Libby eyed me. “Are you going to talk to Emma?”
“I’m going to try.”
“Maybe I should come along.”
“I think I can address Emma’s situation in a calm and rational manner on my own.”
“Are you implying that childbirth has rendered me incapable of rationality?” Libby asked. “I’ll have you know there are actually studies that prove motherhood makes you smarter. So you have something to look forward to.”
My sister Libby had plans to make everyone’s lives perfect. She decided that I only needed children to reach a state of serenity, and she rarely missed an opportunity to remind me of the maternal rewards that awaited me if I paid closer attention to the expiration date on my ovaries.
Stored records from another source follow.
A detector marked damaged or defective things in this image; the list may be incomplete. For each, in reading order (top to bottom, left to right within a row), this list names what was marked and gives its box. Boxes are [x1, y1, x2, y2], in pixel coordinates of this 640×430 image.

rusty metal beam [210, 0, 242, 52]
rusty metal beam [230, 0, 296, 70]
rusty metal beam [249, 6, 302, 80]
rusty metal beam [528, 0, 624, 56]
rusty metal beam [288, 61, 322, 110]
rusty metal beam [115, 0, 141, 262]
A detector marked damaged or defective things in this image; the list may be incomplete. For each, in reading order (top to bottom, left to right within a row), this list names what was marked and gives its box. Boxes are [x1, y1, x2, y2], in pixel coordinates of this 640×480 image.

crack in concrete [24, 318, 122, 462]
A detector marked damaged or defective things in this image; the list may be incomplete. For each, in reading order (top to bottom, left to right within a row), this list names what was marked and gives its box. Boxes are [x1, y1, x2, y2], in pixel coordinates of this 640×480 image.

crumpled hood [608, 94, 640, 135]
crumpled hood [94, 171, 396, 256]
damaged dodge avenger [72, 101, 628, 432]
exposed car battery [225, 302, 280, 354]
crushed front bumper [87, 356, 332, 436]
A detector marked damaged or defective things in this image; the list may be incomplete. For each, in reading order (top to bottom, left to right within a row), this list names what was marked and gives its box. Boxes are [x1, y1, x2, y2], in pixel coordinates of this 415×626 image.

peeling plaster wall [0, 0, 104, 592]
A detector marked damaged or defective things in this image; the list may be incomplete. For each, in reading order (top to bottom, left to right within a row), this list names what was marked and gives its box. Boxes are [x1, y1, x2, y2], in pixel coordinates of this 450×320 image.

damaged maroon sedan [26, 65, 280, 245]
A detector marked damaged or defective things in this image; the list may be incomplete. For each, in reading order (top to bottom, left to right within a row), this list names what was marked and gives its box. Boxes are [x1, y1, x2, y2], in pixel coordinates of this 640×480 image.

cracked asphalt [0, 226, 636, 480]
“After five weeks in the household from hell,” I said, “I’m having second thoughts about having a family of my own.”
Libby appeared not to hear me. “I think I will go along with you this morning.”
“You’re kidding, right?”
“We should present a united front. Yes, I’ll definitely come. I have an invitation around here somewhere.” She disconnected her son from his food source and began to burp him while she imagined the party. “It might be a nice reentry into the world for me, too. All those handsome men on horseback!” The look in her eye reminded me of a pyromaniac lighting a match.
“Don’t start, Libby.”
“Don’t start what?”
“Chasing unsuspecting men as if they were helpless rabbits doomed for the stew pot. You’re in a hormonal fever right now. You’re a danger to society. I’m not taking you with me. Besides, my car will be here in five minutes, and you’ll never be ready.”
“I’ll follow you later,” she said. “Run along.”
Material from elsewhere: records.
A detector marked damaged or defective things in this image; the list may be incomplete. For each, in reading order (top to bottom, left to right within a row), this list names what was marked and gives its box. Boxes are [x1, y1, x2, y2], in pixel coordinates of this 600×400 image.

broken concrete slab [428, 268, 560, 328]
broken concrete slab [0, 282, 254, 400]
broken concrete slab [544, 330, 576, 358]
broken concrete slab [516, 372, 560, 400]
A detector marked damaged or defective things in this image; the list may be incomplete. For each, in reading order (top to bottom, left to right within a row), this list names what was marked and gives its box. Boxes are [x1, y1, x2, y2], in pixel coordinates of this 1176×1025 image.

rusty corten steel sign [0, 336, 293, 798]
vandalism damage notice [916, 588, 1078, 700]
“What about the baby?” The idea of my lactating sister descending on an early morning party made me fear for the safety of my fellow guests. “And the rest of the kids?”
She waved me off. “There’s plenty of my milk in the fridge, so he’ll survive. I’ll call a neighbor girl to keep an eye on the mayhem. I want to see you in action. You’re always stumbling into
excitement, and Placida thrives on exciting events. See you there!”
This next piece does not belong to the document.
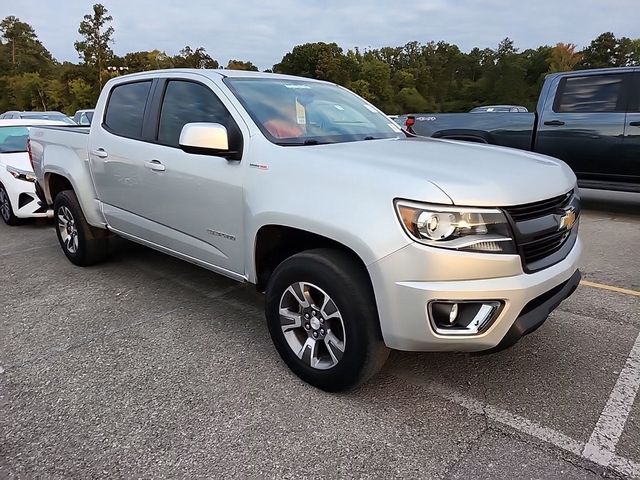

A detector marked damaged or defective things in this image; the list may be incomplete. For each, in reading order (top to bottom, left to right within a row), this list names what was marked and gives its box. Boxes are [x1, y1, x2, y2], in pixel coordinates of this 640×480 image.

cracked pavement [1, 189, 640, 478] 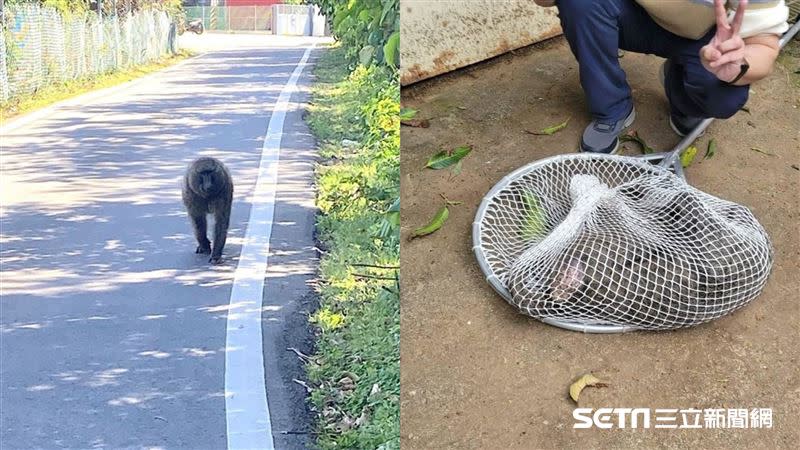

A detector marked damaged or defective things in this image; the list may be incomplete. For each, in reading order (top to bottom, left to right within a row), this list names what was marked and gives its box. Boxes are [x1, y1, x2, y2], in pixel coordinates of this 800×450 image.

rusty metal surface [400, 0, 564, 85]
My driver, Reed Shakespeare, was waiting in the driveway in the predawn darkness when I went tearing outside. He worked for the limousine service Michael owned—one of his many businesses—that had been hired by my newspaper to deliver me to assignments. A part-time college student and barely out of his teens, Reed took his job very seriously. Now experienced with my various moods, especially when I was escaping one of my sisters, he calmly handed me a paper cup of tea—skim milk, no sugar, just the way I liked it—along with the morning newspaper for me to read in the backseat. He opened the rear door for me. He hadn’t decided to allow me to sit up front yet, and I was determined to prove myself worthy. But it obviously wasn’t going to happen this morning.
“Good morning, Reed. Look, I’m sorry, but we’re going to have to take the puppy along.”
Reed looked pained.
A small pointed nose poked out of my handbag, and an unholy growl rumbled from the depths of the leather Balenciaga.
Reed said, “You used to say you didn’t want a dog. You were really firm about that.”
“I couldn’t refuse your mother, could I? When you think about it, Reed, you’re the reason I have Spike in the first place. You have nobody but yourself to blame.”
“You could have refused.”
“Refuse your mother? Reed, get real.”
Rozalia Shakespeare, a woman of awesome inner strength and a voice perfectly suited to belting spiritual hymns to the highest church balconies, had pushed the puppy into my arms not long after Reed was released from a hospital stay. The bullet that had put him there had been my fault, although his mother felt otherwise. I couldn’t refuse her gift.